勘違いタクシー
無事荷物も戻り一安心!あとは早くホテルに行ってゴロンとしよう!今夜のアンカレジの宿は、行きに泊まったホテルと
同じところを予約してあります。空港の前でタクシーに乗って、
私たち「アンカレジホテルまで」
ドライバー「OK」
このドライバー、シルベスター・スタローンに似た若いにいちゃんで、気さくにいろいろ話し掛けてきます。
ドライバー「君たち、どこから来たの?」
私たち「日本からだよ」
ドライバー「日本かぁ、俺も前に一度行ったことがあるよ。さしみがうまかった」
私たち「アラスカの寿司もうまいよね」
そんな感じで話しながら宿泊先のホテルへ。と、思いきや、このにいちゃん、何を勘違いしたのか、いきなりヒルトンホテルの
玄関に横付けしてくれます。おいおい。違うだろ!
私たち「ちょっと、場所違うよ。我々はアンカレジホテルだよ。ここはヒルトンじゃない」
ドライバー「えっ、ここじゃないの?日本人はよくここに泊まるから」
私たち「我々はアンカレジホテル。ここの隣のホテルだよ」
ドライバー「ああ、アンカレジホテルね。OK。大丈夫、問題ない」
というわけで、今度はヒルトンのすぐ隣にあるアンカレジホテルの玄関に横付けしてくれました。
まあ、隣なのでヒルトンで降りて歩いてもよかったのですが。ちなみに料金メーターはヒルトンで止めてくれてあったので、
悪気があったわけでもないようです。それにしても、今回の旅はいろいろとハプニングがあります。
アンカレジツアー
翌日はアラスカ最後の日ということで、ゆっくりアンカレジに滞在です。午後から手配したガイドさんに周辺を案内して
もらうことになっていたので、午前中は2人で市内を散策することにしました。デパートやガイドブックに載っている毛皮の店
などをまわり、おみやげなどを買い、ファストフードで軽い昼食。
T氏「Mのハンバーガーはどこでも食べても同じだな」
私「うん、だからはずしもしないけど、わくわくもしないな。ま、安定感あって安心して食べられるけど」
その後、ホテルのロビーでガイドさんと待ち合わせて、ワゴン車に乗り込み出発です。アラスカ山脈が見渡せるターナゲイン入江
に面したビューポイントや、アイスクライミングの名所、アンカレジ郊外のスキー場、フッド湖水上機飛行場などを
回ってもらいました。ホテルへ戻る途中、ガイドさんが、
ガイド「今日はニューイヤーイブだ。君たちはどうやって過ごすの?」
私たち「ホテルのレストランでカウントダウンしようと思って予約したよ」
実は午前中、今夜のカウントダウンのためのレストランを探し回り、宿泊先とは別のホテルのレストランを予約したのです。

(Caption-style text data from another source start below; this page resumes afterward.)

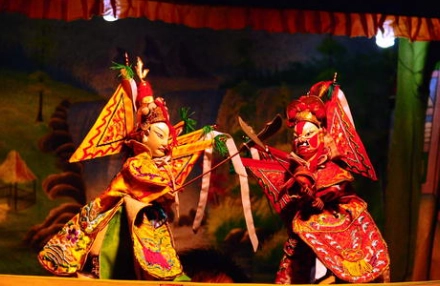 1633673645264771.png image.png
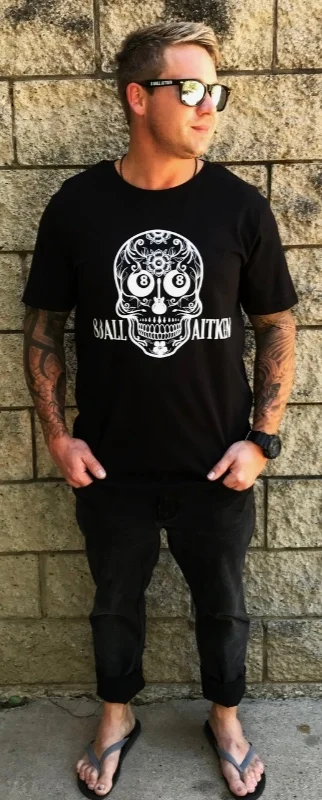 Black+Skull+Tee-4.jpg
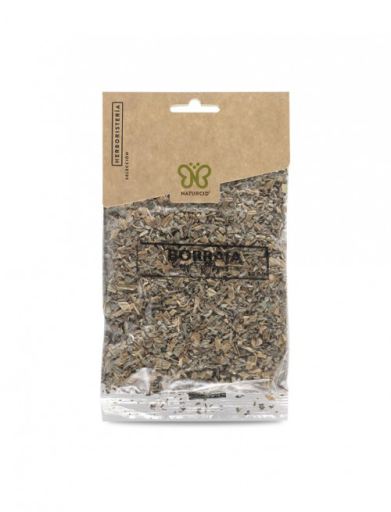Naturcid Borage Infusion B 40 gr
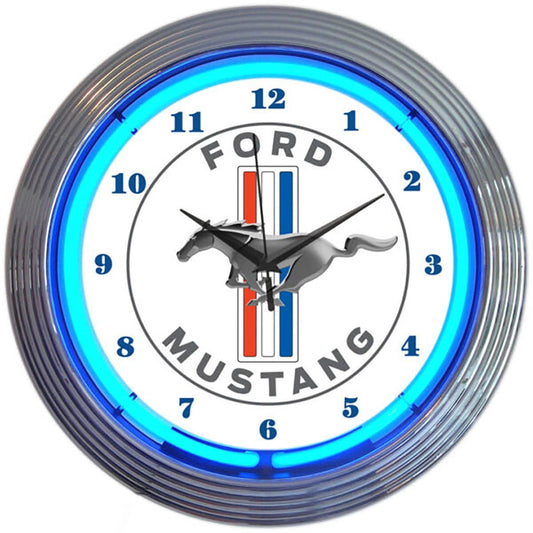 NEO-8MUST1_01.jpg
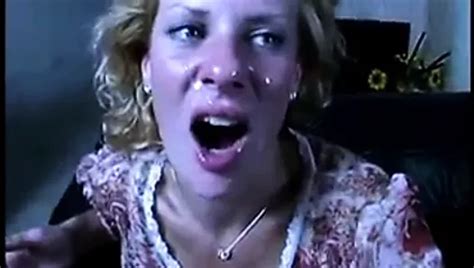 Free Unwanted Facial Porn Videos XHamster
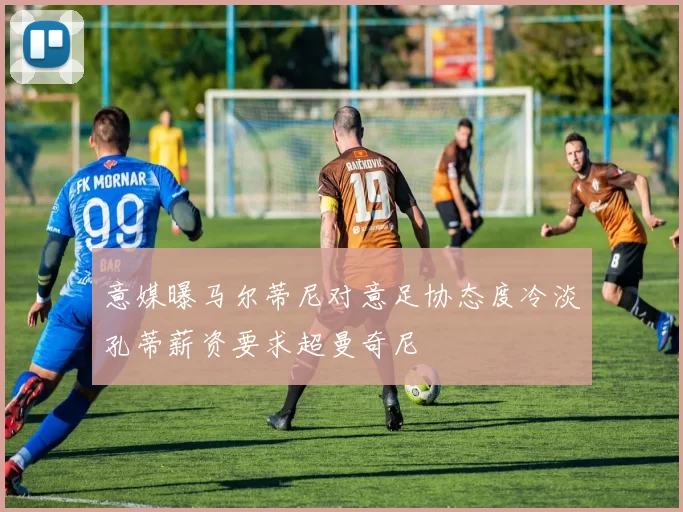 意媒曝马尔蒂尼对意足协态度冷淡孔蒂薪资要求超曼奇尼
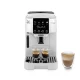 DeLonghi (デロンギ) 全自動コーヒーマシン ECAM22020W [ホワイト]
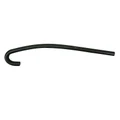 TUYAU DE DEGAZAGE GAUCHE ORIGINE PIAGGIO MOTO-GUZZI 1200 STELVIO 2008>2017  -883035-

私たち「ガイドさんは今夜はどうするの?家でホームパーティとか」
ガイド「おれか、おれは独り身だよ。それに今夜は仕事さ。これから君たちと別れた後、タルキートナまでお客を迎えに行って、それから。。。」
とびっしり仕事が入っているそうで、ほんとお疲れ様です。ガイドさんとはホテル前で礼を言ってお別れし、一旦部屋に戻ることにします。
がんばってるガイドさんには悪いけど、今夜はパァーっとやろうなどと話しながらフロントで鍵を受け取ろうとすると、
そこには何と!偶然にもあのチェナで一緒だったMさんとKさんにばったり遭遇しました。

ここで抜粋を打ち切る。